Ecco come potrebbe ripartire l’oro verde di Puglia

L’olivicoltura pugliese necessita di un netto cambio di passo: ha perfettamente ragione Direttore! La Puglia produce il 35% di olio italiano, ovvero ben l’8% circa di quello mondiale. Nella nostra regione vi sono 60 milioni di alberi di ulivo, 350.000 ettari di terra sono uliveti, di questi 10 milioni sono alberi monumentali. Il Belpaese è sempre stato il primo produttore mondiale di olio fino agli anni ’70-’80, ovvero fino a quando la Spagna ci ha doppiati come produzione. Un sorpasso dovuto ai 5 piani olivicoli in 30 anni redatti dagli spagnoli mentre l’Italia, al contempo, non ha fatto assolutamente nulla, cullandosi sulla sua (precedente) posizione leaderistica.
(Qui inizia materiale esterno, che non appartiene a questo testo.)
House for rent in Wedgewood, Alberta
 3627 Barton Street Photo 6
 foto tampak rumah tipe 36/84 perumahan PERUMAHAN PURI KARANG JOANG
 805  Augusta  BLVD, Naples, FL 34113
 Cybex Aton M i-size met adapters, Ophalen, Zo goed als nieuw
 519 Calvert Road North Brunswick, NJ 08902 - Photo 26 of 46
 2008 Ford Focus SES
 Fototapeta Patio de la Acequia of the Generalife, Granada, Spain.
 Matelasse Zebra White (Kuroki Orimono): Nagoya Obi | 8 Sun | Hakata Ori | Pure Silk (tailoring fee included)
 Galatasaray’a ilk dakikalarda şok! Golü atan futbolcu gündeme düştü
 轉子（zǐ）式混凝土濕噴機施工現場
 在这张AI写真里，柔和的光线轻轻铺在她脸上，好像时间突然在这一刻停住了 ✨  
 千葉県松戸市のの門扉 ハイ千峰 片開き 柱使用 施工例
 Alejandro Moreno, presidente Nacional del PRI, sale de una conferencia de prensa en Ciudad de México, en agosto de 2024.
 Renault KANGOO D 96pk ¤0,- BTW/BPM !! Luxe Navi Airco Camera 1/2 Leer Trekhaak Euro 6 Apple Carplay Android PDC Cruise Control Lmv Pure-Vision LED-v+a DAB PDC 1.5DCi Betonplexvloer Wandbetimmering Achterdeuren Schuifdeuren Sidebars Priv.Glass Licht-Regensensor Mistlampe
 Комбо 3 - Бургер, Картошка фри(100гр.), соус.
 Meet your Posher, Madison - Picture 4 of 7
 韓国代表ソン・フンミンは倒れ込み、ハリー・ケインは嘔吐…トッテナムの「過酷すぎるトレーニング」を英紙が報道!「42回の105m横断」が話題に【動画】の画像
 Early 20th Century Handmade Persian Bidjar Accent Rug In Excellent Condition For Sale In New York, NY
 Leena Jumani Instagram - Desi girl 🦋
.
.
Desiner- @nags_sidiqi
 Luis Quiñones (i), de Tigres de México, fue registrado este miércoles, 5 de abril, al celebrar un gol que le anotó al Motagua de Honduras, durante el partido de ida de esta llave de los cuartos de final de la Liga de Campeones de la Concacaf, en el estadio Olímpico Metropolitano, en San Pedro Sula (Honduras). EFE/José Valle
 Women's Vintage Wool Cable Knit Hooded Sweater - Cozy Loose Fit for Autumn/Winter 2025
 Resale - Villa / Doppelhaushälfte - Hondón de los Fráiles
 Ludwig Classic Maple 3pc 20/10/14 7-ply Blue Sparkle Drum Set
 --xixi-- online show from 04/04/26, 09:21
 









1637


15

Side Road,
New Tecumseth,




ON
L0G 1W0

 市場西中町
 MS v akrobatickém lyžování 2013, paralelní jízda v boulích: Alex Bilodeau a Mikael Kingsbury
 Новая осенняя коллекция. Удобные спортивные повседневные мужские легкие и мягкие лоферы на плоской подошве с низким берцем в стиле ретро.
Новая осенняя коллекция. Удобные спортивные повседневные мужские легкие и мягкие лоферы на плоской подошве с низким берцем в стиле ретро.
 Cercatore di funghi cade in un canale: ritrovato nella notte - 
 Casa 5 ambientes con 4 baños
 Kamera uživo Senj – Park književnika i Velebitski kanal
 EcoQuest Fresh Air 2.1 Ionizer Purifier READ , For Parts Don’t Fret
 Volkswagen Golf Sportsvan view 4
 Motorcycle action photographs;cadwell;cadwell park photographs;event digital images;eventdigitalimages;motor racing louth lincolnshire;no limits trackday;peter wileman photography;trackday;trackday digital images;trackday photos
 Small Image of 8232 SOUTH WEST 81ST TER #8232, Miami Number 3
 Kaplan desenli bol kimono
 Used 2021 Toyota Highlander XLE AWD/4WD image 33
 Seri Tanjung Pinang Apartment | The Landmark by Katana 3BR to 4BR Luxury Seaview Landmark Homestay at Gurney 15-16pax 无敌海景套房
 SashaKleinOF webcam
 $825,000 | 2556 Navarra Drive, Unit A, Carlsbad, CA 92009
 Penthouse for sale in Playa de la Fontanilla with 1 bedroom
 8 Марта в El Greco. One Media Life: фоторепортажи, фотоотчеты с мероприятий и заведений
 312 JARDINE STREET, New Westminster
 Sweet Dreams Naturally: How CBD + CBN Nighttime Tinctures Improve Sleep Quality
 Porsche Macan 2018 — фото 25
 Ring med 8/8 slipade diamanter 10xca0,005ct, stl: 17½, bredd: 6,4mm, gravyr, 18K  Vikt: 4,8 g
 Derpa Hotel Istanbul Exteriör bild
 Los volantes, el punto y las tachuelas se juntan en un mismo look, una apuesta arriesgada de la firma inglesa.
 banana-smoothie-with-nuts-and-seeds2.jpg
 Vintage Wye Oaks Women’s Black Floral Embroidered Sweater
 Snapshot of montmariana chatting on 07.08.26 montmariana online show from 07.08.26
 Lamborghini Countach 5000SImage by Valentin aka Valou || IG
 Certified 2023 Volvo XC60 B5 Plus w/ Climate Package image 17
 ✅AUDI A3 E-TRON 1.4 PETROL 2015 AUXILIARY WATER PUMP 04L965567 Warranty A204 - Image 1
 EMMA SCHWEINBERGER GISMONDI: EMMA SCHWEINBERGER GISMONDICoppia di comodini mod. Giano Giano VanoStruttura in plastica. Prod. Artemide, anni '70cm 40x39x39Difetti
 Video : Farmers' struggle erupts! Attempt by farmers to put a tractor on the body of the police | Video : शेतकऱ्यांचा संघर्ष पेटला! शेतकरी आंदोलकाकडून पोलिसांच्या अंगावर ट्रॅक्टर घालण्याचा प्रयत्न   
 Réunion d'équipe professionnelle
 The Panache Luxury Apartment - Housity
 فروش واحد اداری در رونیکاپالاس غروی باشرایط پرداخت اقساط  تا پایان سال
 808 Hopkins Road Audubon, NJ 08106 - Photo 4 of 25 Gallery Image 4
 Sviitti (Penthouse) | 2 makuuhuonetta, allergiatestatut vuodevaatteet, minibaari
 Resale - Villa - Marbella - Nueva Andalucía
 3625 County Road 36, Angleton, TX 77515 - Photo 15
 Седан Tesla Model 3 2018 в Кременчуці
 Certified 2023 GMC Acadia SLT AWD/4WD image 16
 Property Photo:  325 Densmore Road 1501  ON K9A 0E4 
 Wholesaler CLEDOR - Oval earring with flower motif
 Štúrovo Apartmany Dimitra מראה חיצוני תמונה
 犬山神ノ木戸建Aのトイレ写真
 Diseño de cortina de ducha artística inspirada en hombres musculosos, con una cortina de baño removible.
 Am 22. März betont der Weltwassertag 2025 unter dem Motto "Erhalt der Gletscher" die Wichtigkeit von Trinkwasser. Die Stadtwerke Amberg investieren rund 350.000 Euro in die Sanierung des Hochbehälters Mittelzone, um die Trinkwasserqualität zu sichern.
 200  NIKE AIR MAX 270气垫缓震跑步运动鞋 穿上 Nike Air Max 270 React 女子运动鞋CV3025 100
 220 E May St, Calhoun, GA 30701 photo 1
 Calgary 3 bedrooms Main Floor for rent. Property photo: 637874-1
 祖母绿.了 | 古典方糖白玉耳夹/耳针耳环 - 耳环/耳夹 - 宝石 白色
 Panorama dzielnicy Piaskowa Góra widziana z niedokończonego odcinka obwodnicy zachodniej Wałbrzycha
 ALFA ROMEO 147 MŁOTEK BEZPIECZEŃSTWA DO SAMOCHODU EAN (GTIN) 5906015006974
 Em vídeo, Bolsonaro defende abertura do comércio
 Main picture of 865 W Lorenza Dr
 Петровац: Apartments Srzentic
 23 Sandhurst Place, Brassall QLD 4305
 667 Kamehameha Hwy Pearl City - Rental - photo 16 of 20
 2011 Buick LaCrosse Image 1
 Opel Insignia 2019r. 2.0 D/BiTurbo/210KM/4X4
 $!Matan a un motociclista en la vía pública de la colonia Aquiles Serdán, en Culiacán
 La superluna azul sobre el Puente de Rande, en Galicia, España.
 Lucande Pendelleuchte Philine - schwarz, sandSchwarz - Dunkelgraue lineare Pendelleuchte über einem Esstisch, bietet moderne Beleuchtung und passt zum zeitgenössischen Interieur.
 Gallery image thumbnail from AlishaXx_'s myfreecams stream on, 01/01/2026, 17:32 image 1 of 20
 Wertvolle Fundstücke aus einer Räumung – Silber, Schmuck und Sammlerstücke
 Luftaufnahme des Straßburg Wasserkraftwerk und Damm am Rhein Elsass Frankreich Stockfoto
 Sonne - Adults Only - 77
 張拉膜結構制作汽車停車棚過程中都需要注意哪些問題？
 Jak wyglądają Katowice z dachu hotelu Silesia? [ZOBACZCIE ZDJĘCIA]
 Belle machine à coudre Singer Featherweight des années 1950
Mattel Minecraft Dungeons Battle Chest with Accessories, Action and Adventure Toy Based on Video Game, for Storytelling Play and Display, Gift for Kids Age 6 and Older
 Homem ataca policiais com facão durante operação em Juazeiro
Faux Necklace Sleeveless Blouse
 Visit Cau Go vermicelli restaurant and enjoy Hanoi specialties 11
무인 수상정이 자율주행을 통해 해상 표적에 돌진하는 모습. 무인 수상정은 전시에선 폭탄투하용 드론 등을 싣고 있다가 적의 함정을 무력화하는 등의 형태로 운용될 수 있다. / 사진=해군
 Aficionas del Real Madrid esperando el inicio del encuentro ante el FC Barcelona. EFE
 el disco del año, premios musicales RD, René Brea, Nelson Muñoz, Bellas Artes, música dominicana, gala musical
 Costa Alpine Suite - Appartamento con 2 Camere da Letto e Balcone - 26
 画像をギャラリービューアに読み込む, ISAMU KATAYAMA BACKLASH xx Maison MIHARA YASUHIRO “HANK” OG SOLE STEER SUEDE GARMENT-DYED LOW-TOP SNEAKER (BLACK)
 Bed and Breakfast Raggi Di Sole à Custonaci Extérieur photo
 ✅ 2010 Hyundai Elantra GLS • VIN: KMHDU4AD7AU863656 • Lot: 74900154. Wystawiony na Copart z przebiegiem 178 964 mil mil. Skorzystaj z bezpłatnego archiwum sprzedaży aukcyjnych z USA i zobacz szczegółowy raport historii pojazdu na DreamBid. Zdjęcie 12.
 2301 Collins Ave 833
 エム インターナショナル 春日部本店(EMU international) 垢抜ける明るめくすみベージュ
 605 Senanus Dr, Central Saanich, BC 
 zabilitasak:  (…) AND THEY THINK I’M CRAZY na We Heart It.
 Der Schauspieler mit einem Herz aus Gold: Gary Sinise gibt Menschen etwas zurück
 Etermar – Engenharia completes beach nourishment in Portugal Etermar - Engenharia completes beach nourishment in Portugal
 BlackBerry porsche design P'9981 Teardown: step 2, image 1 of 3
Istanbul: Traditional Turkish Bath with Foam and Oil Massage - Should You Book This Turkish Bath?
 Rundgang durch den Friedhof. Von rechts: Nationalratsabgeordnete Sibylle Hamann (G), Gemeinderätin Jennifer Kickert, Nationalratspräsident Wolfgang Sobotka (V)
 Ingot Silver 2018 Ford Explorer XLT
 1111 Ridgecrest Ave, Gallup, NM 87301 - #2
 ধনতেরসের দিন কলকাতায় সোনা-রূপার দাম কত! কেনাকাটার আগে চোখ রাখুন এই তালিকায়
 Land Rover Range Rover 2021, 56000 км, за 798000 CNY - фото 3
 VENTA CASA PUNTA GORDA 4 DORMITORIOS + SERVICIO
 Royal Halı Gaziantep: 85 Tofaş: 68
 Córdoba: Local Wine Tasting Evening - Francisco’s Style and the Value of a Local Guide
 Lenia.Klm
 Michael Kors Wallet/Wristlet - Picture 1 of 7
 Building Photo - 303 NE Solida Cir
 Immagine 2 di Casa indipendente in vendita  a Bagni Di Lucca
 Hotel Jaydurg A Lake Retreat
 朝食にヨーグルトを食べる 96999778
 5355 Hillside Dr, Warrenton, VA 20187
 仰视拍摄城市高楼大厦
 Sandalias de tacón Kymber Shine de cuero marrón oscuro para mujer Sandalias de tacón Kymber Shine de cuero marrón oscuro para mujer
Serviva, infatti, l’ingresso del M5S in Parlamento per far approvare un piano olivicolo in Commissione Agricoltura seguito poi da un decreto legge (convertito con la 51/2015) che ha stanziato 30 milioni di euro (in realtà ne servirebbero almeno 100).

 

 

Molto si potrebbe fare anche sul versante dei potatori, “i sarti delle campagne” come li ha ben definiti Lei. Non solo se si eclissano i sarti, addio atelier, addio vestiti e, dunque, addio settore ma, puntando su questa specializzazione agricola si potrebbero creare reddito e lavoro. Il semplice calcolo lo ha fatto l’Università di Bari: un uliveto ha bisogno di 20 giornate annue ad ettaro di lavoro solo per le potatura. Se solo fossero ben condotti tutti i 350.000 ettari pugliesi, si avrebbe bisogno di 7 milioni di giornate di lavoro annue e si creerebbero, dunque, circa 30.000 posti di lavoro per potatori, magari infliggendo, al contempo, un duro colpo alla disoccupazione giovanile che vede in Puglia il record del 58,1%. Stiamo sognando? Preferisco pensare che si stia studiando il problema e prospettando soluzioni concrete per il futuro.

 

 

Ma mentre si è drammaticamente lenti nel costruire, si è rapidissimi nel distruggere. Il voto favorevole degli europarlamentari PD alle ulteriori tonnellate di olio di oliva tunisino rappresenta, infatti, uno schiaffo all’agricoltura e all’olivicoltura pugliese in particolare. Siamo ben coscienti che la Repubblica tunisina sia uno dei Paesi con il maggior numero di giovani che sposano la causa del califfato e si arruolano come combattenti nell’Isis, specie dopo il rapido tradimento delle speranze coltivate a seguito delle proteste del 2011 e della conseguente gravissima crisi occupazionale. Proprio per questo è indispensabile che l’Unione europea intervenga a sostegno della creazione di posti di lavoro: tuttavia tale obiettivo può essere conseguito attraverso la predisposizione di particolare programmi di aiuto da iscriversi nell’ambito dell’accordo euro-mediterraneo di associazione e a cui destinare anche le risorse derivanti dal mantenimento dei dazi, posto che, comunque, la loro mancata riscossione avrebbe una incidenza negativa sul bilancio comunitario. L’utilizzo da parte dell’Ue di strumenti di politica commerciale a sostegno della stabilità dei Paesi beneficiari, infatti, oltre a danneggiare spesso le produzioni degli Stati membri come nel caso delle sanzioni imposte alla Russia a seguito della crisi con l’Ucraina, non consente la rimozione delle cause strutturali della disoccupazione, non favorisce programmi di sviluppo endogeno in grado di eliminare le dinamiche di esclusione. Anzi, rischia di favorire fenomeni speculativi poiché, come noto, a beneficiare principalmente delle misure in questione saranno i grandi gruppi industriali a cui fa capo la produzione tunisina di olio di oliva e nessuna certezza può aversi, a oggi, circa le eventuali ricadute positive sui tassi di occupazione giovanile nazionale.